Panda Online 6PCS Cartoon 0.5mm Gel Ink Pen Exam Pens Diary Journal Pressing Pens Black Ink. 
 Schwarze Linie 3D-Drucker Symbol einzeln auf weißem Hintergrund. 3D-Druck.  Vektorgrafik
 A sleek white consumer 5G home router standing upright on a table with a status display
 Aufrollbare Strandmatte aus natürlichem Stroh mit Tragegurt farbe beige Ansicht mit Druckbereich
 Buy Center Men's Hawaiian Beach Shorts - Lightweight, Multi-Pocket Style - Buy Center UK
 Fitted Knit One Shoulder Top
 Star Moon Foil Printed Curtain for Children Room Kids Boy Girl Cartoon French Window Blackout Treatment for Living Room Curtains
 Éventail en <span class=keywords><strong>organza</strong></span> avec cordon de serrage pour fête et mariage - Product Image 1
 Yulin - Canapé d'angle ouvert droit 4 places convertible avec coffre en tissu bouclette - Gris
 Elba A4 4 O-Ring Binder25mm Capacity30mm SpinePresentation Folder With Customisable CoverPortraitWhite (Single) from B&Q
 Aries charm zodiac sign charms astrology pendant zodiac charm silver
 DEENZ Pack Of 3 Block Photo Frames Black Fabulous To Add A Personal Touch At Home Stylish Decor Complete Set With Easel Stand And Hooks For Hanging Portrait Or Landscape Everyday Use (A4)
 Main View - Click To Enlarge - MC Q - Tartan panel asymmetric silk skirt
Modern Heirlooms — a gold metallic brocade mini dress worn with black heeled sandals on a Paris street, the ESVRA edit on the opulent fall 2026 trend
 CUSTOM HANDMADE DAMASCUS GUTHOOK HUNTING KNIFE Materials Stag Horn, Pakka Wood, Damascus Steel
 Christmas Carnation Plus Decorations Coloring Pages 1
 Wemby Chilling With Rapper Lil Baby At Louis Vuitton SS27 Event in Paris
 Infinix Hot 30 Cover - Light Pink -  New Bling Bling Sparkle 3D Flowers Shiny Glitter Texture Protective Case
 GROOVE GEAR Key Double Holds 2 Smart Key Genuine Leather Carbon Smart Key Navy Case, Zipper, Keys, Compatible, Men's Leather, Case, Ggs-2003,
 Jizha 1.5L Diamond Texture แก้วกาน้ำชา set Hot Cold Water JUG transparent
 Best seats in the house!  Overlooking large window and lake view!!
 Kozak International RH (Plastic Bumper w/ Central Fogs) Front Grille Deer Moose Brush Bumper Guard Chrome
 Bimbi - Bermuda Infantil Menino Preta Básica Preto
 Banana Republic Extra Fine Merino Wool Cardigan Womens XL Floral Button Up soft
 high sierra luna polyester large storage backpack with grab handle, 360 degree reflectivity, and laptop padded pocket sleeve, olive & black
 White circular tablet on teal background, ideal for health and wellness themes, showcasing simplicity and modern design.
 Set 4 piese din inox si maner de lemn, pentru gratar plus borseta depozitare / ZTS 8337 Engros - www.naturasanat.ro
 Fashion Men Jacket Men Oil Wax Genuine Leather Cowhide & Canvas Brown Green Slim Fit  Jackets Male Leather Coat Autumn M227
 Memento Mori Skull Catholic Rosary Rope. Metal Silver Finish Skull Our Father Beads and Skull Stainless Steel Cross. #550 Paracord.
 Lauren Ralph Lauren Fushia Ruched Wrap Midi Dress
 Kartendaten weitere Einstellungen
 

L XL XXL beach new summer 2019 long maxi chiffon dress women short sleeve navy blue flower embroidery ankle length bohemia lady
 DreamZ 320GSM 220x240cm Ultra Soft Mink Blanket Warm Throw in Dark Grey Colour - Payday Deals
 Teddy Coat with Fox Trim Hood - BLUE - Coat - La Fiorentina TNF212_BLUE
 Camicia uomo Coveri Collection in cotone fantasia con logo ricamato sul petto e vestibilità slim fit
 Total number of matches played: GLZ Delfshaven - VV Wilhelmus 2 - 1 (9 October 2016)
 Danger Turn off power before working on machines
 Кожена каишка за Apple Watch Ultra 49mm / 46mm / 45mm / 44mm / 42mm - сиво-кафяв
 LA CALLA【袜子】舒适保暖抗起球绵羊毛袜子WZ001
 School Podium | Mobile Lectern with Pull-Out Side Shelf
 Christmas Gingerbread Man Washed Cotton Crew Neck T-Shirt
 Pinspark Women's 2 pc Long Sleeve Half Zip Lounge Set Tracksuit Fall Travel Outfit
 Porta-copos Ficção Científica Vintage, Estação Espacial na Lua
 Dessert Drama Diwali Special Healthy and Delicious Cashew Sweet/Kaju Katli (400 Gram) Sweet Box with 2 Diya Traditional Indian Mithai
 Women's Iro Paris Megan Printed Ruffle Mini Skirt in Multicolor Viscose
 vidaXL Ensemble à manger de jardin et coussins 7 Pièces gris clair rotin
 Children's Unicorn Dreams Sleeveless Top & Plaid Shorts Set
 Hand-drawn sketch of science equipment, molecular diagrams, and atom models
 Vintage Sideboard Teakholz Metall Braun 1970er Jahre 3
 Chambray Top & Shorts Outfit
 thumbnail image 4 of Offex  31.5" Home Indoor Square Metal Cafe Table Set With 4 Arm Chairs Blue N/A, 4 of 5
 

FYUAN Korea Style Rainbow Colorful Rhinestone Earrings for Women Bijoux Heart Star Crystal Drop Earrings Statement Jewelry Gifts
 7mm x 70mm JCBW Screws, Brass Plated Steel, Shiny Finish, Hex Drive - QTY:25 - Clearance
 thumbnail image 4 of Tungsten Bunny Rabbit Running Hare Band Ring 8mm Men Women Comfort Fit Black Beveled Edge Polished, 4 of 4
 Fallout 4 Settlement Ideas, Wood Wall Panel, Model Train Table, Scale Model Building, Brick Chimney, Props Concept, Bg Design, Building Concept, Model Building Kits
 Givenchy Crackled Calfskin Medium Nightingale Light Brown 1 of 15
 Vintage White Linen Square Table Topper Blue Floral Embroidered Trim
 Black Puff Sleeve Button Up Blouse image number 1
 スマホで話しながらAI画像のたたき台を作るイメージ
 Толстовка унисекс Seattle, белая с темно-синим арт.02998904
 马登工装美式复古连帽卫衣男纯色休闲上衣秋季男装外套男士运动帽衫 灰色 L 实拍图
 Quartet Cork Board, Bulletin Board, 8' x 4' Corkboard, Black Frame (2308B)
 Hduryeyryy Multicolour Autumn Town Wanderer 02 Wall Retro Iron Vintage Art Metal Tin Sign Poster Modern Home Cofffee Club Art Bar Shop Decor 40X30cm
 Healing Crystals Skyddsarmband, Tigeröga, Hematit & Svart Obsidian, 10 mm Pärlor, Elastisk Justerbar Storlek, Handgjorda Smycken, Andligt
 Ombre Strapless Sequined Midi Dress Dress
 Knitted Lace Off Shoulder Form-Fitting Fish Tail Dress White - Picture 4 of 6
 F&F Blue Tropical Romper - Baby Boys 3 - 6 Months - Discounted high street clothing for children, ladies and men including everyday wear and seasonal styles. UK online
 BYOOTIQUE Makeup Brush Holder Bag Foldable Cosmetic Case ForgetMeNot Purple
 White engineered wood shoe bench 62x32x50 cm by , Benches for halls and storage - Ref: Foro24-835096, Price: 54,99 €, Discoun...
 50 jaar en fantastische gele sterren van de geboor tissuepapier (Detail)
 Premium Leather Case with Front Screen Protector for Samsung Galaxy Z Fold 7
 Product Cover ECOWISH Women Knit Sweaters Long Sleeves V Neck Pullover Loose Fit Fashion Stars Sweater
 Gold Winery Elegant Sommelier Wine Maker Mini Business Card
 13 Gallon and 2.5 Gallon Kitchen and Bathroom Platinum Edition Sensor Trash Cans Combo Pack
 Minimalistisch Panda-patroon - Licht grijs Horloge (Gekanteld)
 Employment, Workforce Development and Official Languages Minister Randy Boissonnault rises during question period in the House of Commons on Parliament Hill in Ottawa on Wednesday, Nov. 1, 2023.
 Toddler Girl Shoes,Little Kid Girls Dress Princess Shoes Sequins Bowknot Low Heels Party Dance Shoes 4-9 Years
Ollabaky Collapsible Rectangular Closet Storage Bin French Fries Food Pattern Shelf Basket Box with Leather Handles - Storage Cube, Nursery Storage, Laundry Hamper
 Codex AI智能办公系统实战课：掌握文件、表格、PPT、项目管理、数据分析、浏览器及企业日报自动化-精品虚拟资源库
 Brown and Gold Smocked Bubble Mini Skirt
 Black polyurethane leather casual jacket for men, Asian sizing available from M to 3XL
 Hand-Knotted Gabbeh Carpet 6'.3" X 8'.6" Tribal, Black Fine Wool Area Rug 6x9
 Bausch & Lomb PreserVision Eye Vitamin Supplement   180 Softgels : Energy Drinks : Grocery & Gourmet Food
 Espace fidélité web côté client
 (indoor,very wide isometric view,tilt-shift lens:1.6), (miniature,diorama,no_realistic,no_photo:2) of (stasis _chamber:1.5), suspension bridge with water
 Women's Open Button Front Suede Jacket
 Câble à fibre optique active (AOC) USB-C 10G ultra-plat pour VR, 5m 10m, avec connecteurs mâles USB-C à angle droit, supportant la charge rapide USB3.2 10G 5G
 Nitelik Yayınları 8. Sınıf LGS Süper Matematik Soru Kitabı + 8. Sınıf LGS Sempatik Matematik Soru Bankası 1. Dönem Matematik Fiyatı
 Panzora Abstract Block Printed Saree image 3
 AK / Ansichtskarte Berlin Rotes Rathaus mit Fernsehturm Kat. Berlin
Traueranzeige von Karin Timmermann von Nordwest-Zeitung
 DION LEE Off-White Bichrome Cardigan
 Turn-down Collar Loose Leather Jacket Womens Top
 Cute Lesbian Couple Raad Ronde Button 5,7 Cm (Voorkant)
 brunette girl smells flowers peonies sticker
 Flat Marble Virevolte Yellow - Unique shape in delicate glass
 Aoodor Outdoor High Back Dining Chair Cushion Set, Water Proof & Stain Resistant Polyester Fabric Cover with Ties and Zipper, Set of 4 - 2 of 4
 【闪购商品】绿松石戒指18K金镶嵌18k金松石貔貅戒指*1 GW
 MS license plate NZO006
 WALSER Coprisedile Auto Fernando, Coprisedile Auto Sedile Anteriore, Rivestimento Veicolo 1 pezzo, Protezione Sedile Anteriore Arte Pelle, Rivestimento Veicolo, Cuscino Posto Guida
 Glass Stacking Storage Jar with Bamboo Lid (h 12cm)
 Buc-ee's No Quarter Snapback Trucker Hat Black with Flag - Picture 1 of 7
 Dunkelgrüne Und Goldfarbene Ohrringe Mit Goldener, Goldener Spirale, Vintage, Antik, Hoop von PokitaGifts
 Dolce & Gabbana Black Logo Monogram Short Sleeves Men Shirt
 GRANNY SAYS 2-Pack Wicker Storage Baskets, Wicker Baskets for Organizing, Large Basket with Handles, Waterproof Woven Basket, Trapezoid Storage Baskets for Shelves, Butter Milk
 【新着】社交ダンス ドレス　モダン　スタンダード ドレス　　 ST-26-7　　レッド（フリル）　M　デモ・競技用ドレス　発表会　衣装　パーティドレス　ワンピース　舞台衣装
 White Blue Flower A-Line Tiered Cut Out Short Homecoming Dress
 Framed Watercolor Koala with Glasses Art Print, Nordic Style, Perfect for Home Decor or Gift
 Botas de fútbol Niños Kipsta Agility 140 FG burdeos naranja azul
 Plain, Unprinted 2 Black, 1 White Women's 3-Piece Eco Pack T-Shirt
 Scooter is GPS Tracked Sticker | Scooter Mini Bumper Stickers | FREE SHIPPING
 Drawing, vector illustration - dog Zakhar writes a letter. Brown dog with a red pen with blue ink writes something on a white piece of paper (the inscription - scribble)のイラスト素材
----------
(Work request) Exactly as they stand, set down the lines from the top of the data through the line with "Fitted Knit One Shoulder Top".

(Expected answer)
Panda Online 6PCS Cartoon 0.5mm Gel Ink Pen Exam Pens Diary Journal Pressing Pens Black Ink. 
 Schwarze Linie 3D-Drucker Symbol einzeln auf weißem Hintergrund. 3D-Druck.  Vektorgrafik
 A sleek white consumer 5G home router standing upright on a table with a status display
 Aufrollbare Strandmatte aus natürlichem Stroh mit Tragegurt farbe beige Ansicht mit Druckbereich
 Buy Center Men's Hawaiian Beach Shorts - Lightweight, Multi-Pocket Style - Buy Center UK
 Fitted Knit One Shoulder Top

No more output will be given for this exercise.